TASK TO COMPLETE: No pictures belong in the copy. Retype exactly, and only, the stretch of lines below from the one with "Sir Mark Hendrick, Glenda" through the one with "Maceta cerámica floral azul".

INPUT DATA:
-*-

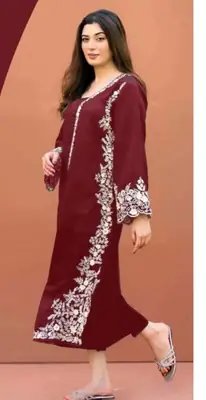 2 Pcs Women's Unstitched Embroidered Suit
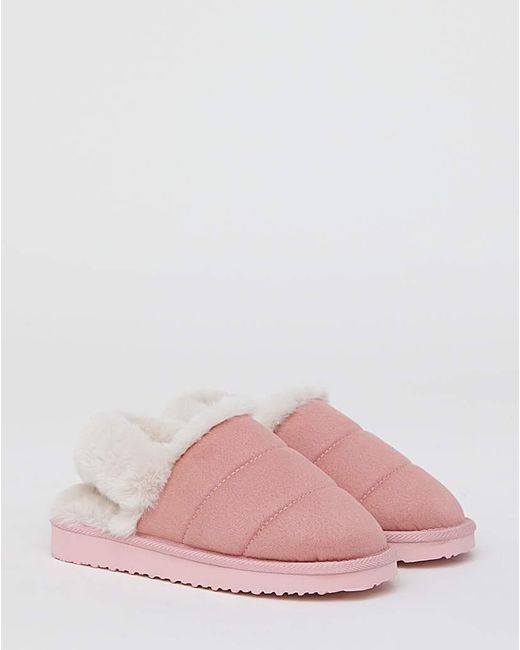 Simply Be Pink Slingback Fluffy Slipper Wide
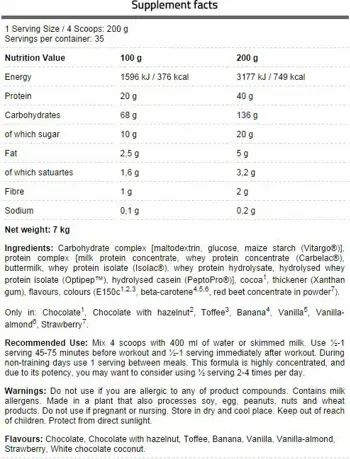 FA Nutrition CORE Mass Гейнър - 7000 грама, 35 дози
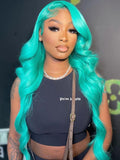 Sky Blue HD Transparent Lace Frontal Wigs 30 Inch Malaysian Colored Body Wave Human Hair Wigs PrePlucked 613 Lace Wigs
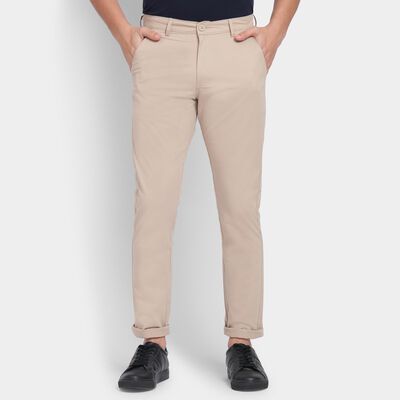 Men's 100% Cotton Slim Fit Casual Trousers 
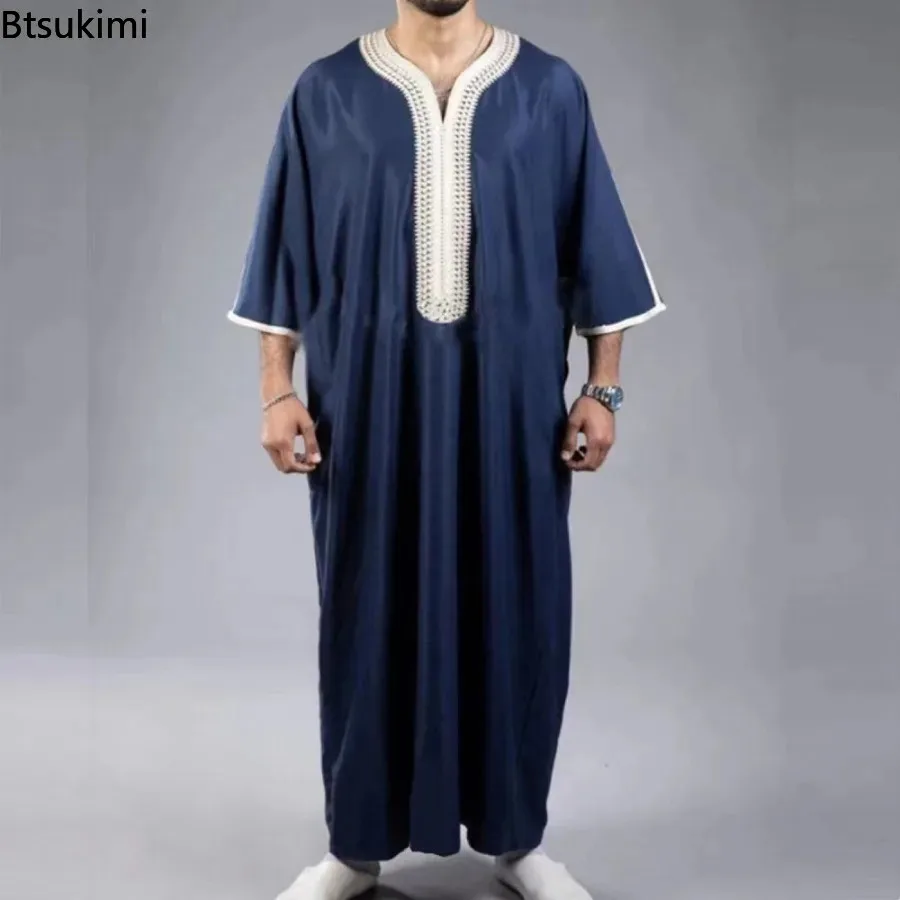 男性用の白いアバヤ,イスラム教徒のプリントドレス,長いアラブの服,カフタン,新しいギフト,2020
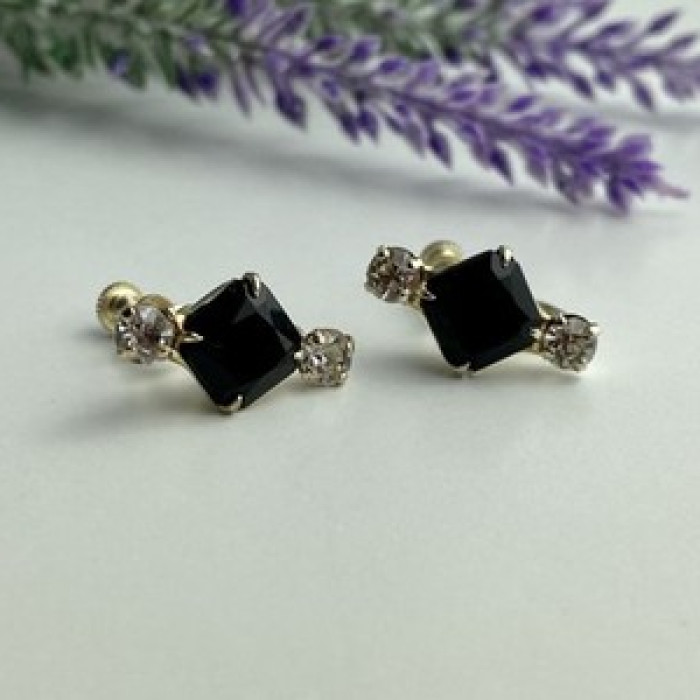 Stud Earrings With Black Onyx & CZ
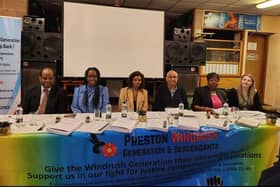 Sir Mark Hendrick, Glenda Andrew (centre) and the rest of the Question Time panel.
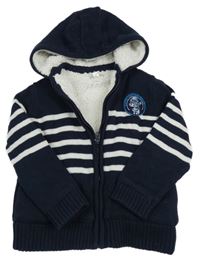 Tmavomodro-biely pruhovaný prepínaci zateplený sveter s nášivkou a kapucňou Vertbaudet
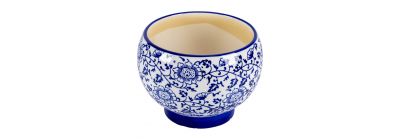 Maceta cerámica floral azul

-*-

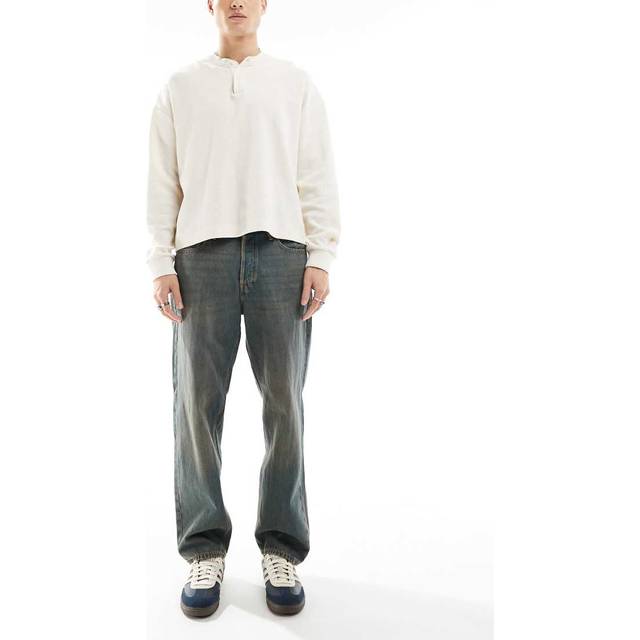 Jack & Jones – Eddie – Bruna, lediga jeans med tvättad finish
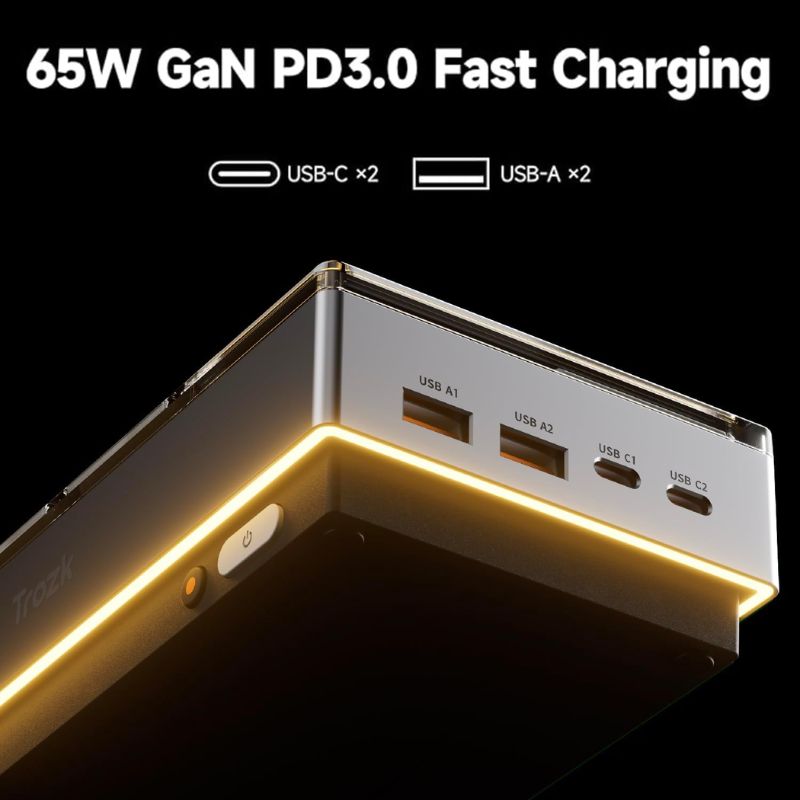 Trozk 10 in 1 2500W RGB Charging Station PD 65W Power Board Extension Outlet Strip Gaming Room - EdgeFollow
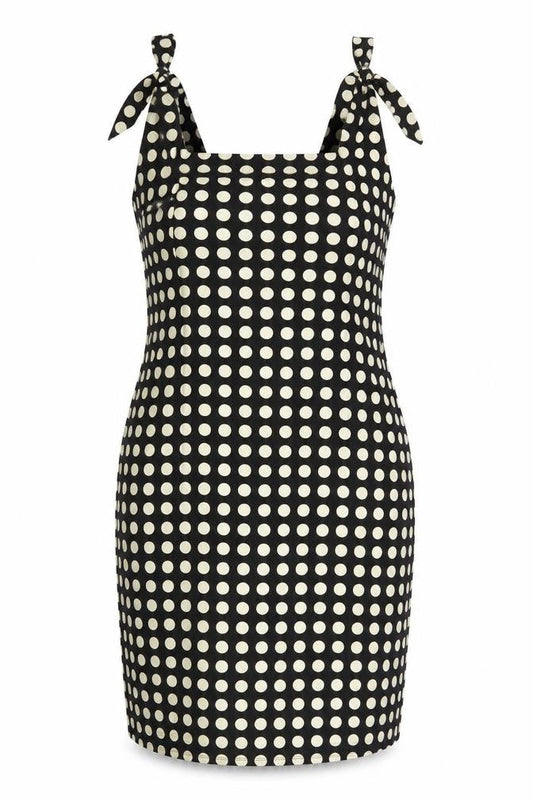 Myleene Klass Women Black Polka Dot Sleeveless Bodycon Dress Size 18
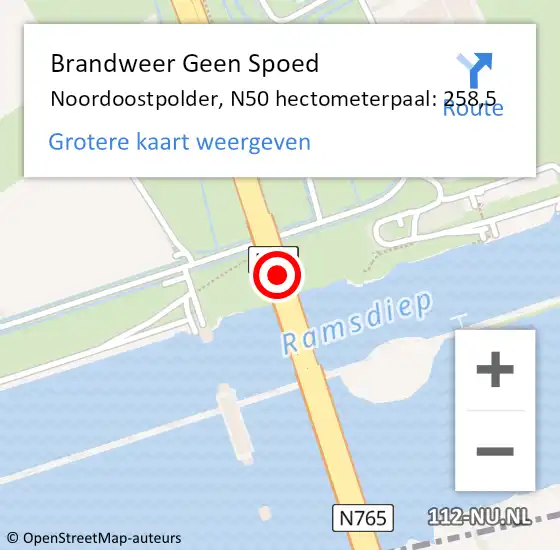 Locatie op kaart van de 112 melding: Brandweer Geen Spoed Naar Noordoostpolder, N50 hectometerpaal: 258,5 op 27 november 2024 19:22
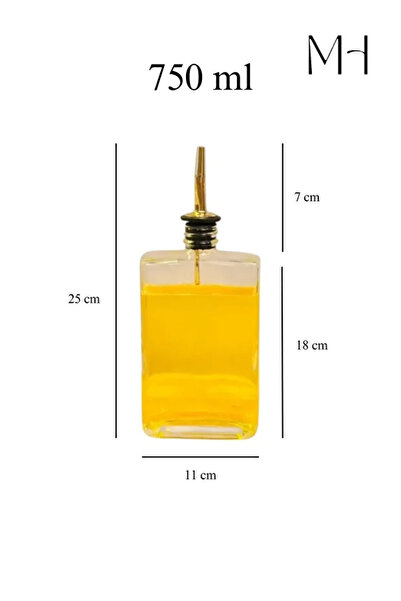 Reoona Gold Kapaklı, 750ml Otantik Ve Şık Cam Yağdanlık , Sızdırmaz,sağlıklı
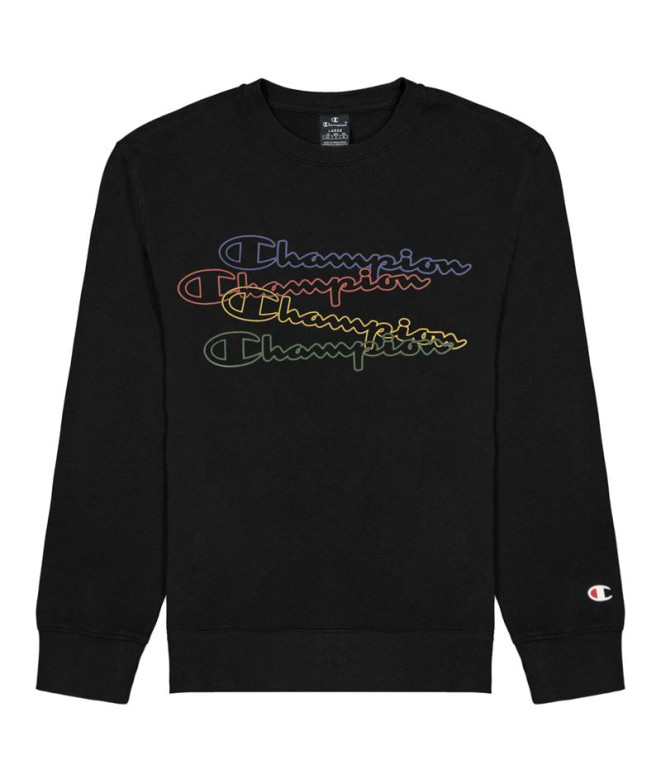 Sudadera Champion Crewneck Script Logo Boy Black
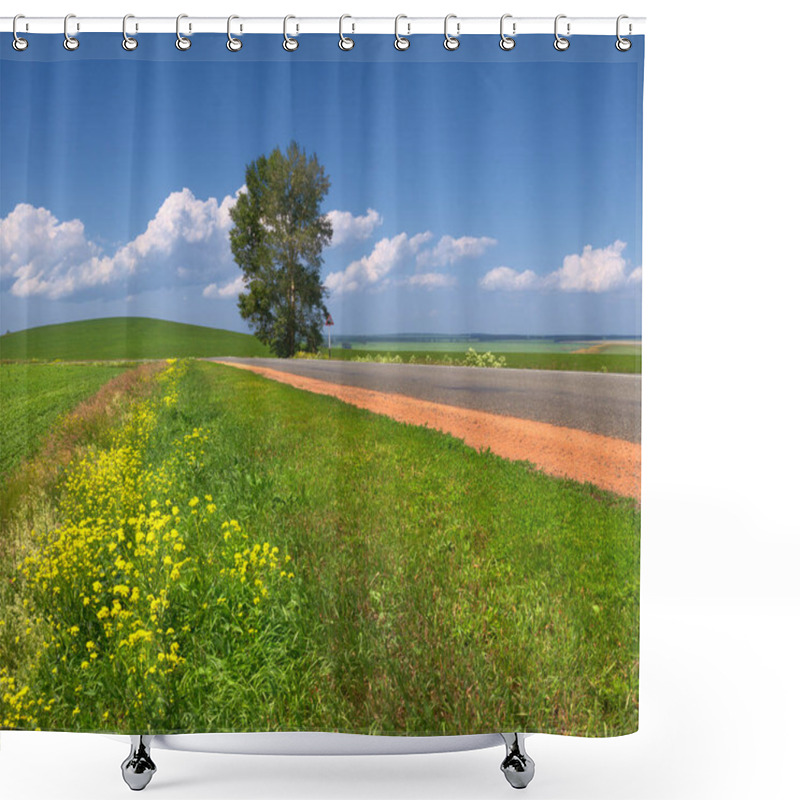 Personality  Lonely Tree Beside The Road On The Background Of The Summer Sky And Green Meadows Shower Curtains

-*-

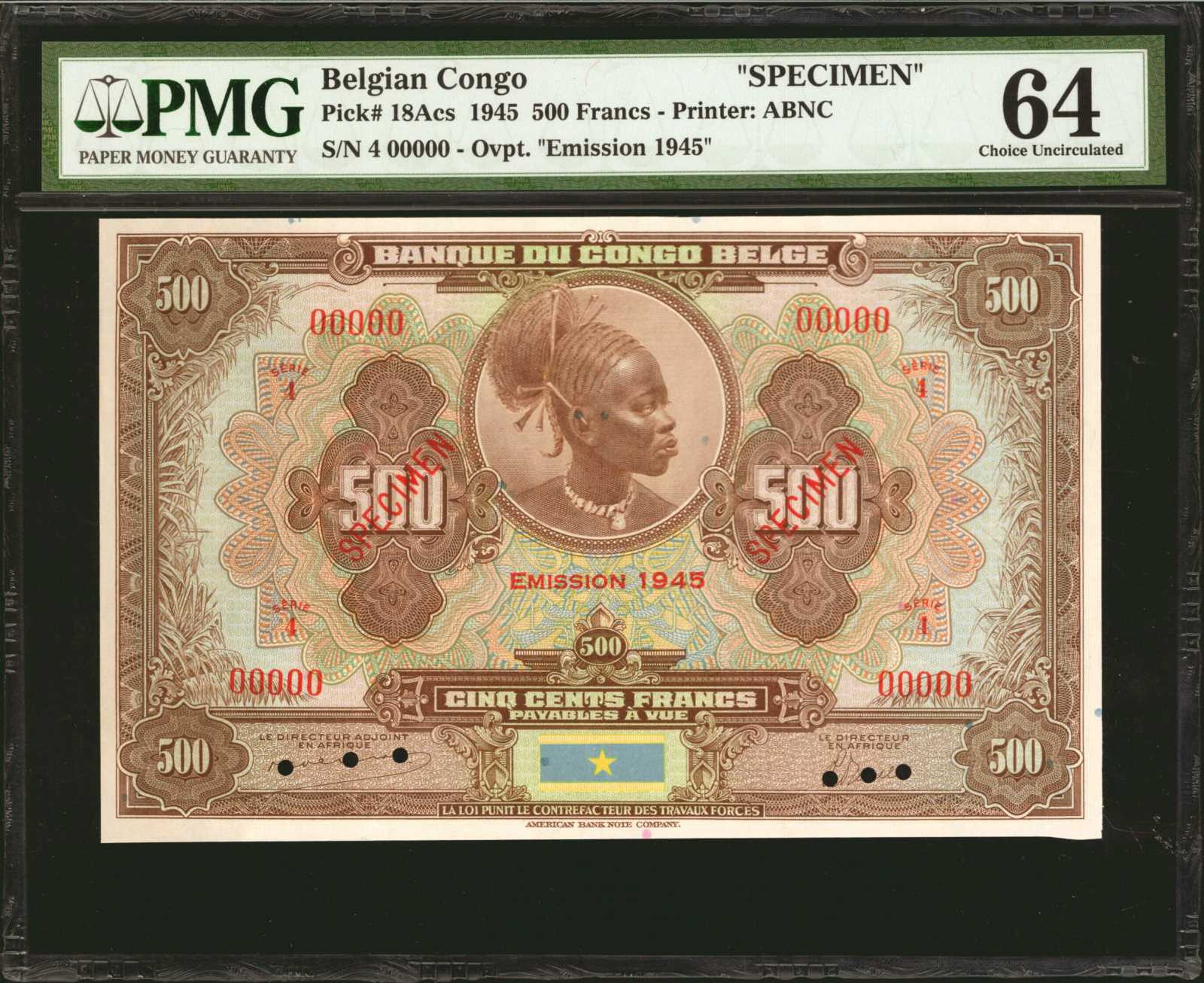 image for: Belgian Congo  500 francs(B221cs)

-*-

ANSWER:
 Sir Mark Hendrick, Glenda Andrew (centre) and the rest of the Question Time panel.
 Tmavomodro-biely pruhovaný prepínaci zateplený sveter s nášivkou a kapucňou Vertbaudet
 Maceta cerámica floral azul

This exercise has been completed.